Christine Daley, Lehman’s Star Distressed Debt Analyst, Dies
(Bloomberg) -- Christine Daley, a veteran analyst who headed Lehman Brothers’ distressed debt team before the firm’s collapse in 2008, has died.
The New York-based investment bank Seaport Global Securities LLC., Daley’s most recent employer, confirmed her death on Sunday. “The firm extends our deepest condolences to Christine’s family,” a spokesperson told Bloomberg News. No cause of death was given. Daley was born in July 1958, according to public records.
“Christine was our star research analyst,” Jay McDermott, now the co-head of cross-asset at Cowen Inc., said of his time working alongside Daley at the brokerage firm Bear Stearns Cos. “The whole bank loan market really developed around mid-90s, and Christine was a pioneer and a big name in the business,” McDermott said in a phone interview on Sunday.
A graduate of the College of New Rochelle and NYU Stern School of Business, Daley joined Bear Stearns in the high yield and bankruptcy department and worked there until 1993. She later became a managing director at Lehman Brothers, where she led the distressed debt and special situations proprietary desk, and oversaw distressed debt and high yield research.
After the collapse of Lehman Brothers during the global financial crisis, Daley joined Oak Hill Advisors in 2009 as managing director of the firm’s investment team. In 2011, she joined River Birch Capital, a hedge fund co-founded by ex-Lehman President and COO Bart McDade that shuttered in late 2018, before switching to Seaport Global.

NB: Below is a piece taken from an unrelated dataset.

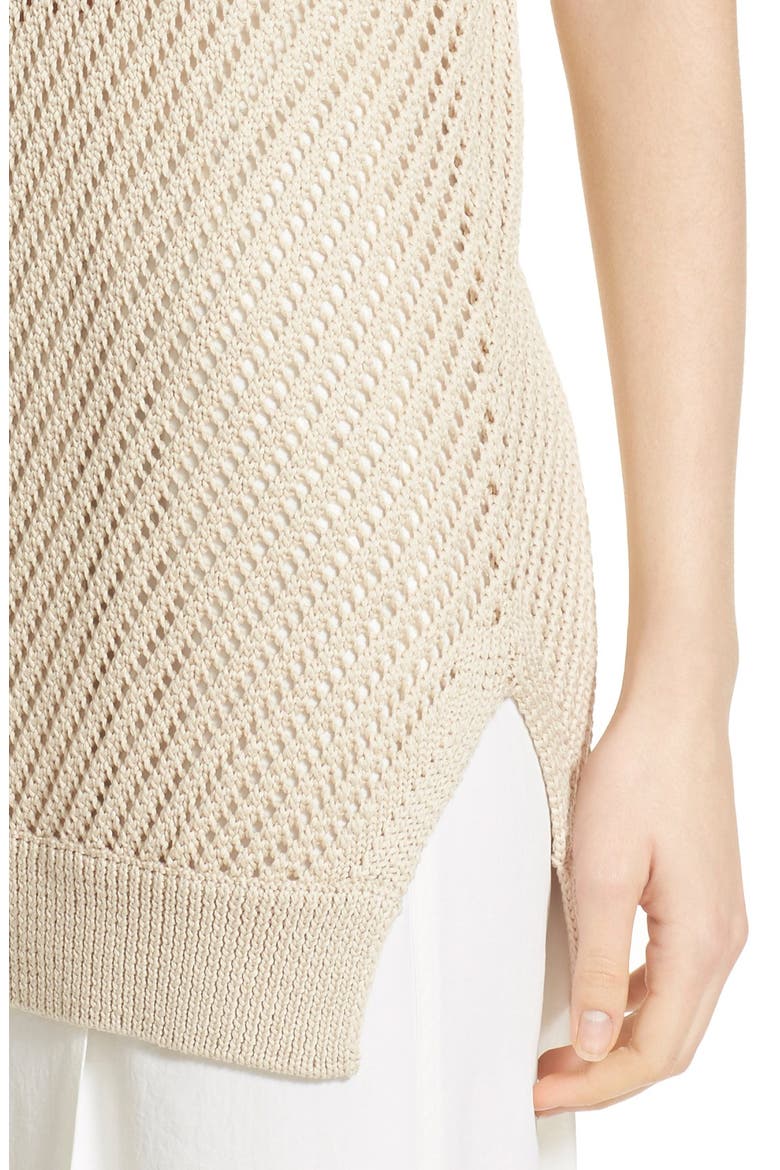 Diagonal Mesh Cotton Tunic Tank, Alternate, color, LARACHE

Larry McDonald, the founder of investment newsletter Bear Traps Report and a former colleague of Daley at Lehman, said she was a “true Hall-of-Famer” in the distressed investing universe.

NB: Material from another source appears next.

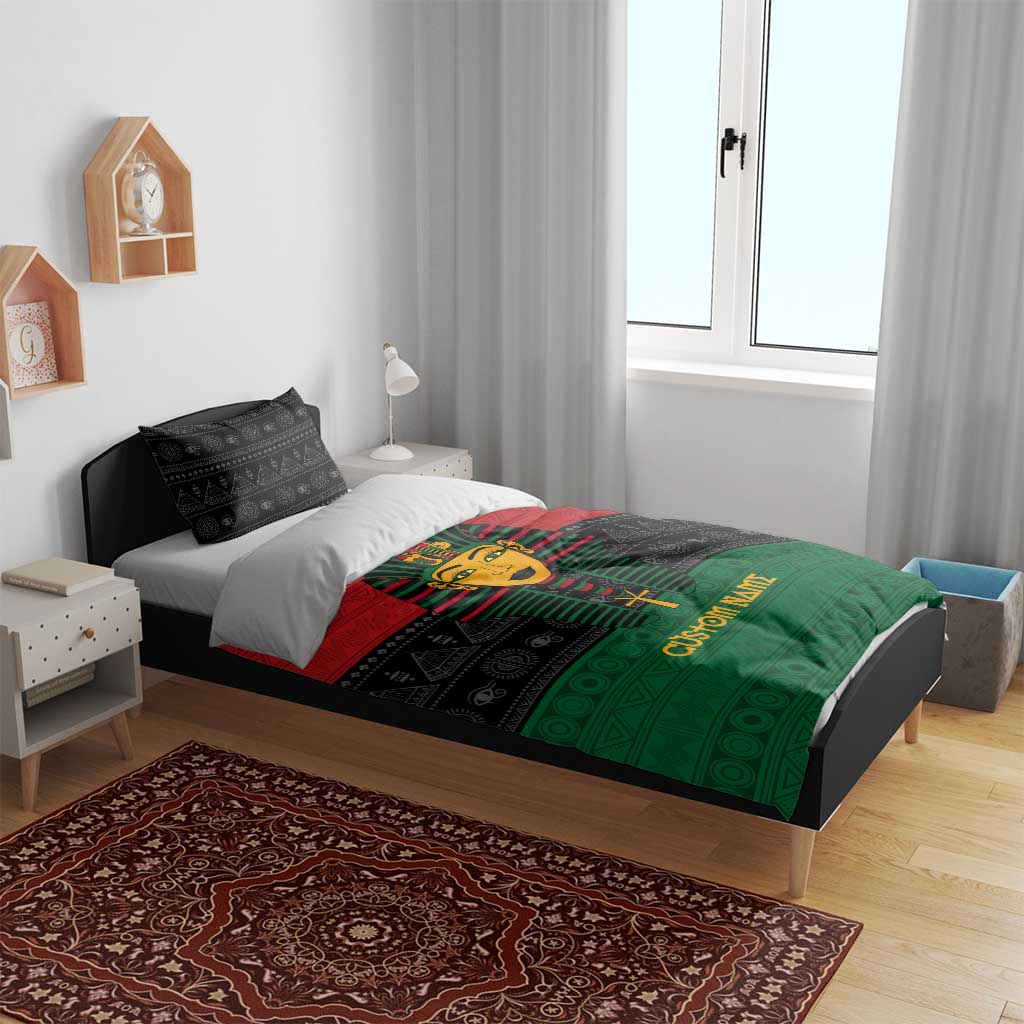 Personalized Ancient Egypt Bedding Set - Pharaoh in Pan-African Colors DT02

In his 2010 book “A Colossal Failure of Common Sense: The Inside Story of the Collapse of Lehman Brothers,” he recalled the time that Daley sensed financial problems at the electricity company Calpine and proposed a massive short position that “took a lot of guts.” Her recommendation would end up making over $190 million for Lehman.
McDermott remembered Daley’s passion and energy for finding opportunities, recalling that she once got the team excited to work on sourcing a deal late into the night before Thanksgiving.
“When she was excited, you were excited. She was one of those people who made everyone on the team a better player,” McDermott said.